How Are Inhalants Used?
There are three basic methods used for inhaling:
- Huffing: Users soak a rag or cloth in the desired substance, place the rag over their mouth, then inhale.
- Sniffing: Similar to huffing, except the rag is placed over the nose and the substance is inhaled nasally.
- Bagging: Users place the substance in a plastic or paper bag, then place the bag over their nose and mouth to inhale.
How We Treat Inhalants Abuse At Hope Canyon
If you are addicted to inhalants, the safest path to recovery is our in-patient, residential rehab program. We provide around-the-clock care and supervision in a secure environment where you will not have access to any products that can be used as inhalants.

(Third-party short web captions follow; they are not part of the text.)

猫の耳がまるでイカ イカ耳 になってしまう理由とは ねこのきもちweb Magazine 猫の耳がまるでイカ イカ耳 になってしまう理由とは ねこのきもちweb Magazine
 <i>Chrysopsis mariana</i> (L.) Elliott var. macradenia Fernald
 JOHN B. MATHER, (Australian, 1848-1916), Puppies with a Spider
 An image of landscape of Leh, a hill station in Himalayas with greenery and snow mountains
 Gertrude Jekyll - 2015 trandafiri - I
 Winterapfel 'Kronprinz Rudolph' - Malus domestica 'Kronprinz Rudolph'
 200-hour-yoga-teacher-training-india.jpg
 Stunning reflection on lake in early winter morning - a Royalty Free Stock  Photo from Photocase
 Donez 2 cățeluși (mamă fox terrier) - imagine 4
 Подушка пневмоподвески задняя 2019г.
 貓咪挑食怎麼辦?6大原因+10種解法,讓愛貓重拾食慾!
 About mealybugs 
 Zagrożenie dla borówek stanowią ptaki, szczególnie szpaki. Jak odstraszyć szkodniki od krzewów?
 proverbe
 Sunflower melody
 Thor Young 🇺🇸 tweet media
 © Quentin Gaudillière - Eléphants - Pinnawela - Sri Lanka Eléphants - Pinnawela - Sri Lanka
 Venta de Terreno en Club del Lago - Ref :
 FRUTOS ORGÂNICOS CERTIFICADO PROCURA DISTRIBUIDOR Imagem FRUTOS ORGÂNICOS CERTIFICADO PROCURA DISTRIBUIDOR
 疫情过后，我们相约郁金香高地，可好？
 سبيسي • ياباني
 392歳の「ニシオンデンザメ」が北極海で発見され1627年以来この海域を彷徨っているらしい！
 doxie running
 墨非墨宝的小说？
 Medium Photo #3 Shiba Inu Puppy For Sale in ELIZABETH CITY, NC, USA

When you first come to Hope Canyon, we put together a personalized recovery plan based on a thorough assessment of your physical and mental condition. We consider any co-occurring mental health disorders – such as depression or anxiety – that could be a root cause of your inhalants abuse, and we look for any health-related issues that could have been caused by your use of inhalants and may require special care.
Depending on what inhalants you use and how long you’ve been using them, you may experience mild to severe withdrawal symptoms and require a medical detox program. Detox from inhalants can take longer than other drugs because the chemicals in the inhalants build up in your heart, liver, muscles and brain, and it takes time to flush them all from your body.
After detox, as part of drug rehab we address your psychological dependence on inhalants through cognitive-behavioral therapy, group and one-on-one counseling, and other therapies to treat your co-occurring disorders and educate you on the dangers of using inhalants. After your residential program is complete, we provide ongoing support services to help you avoid relapse and stay away from inhalants for good.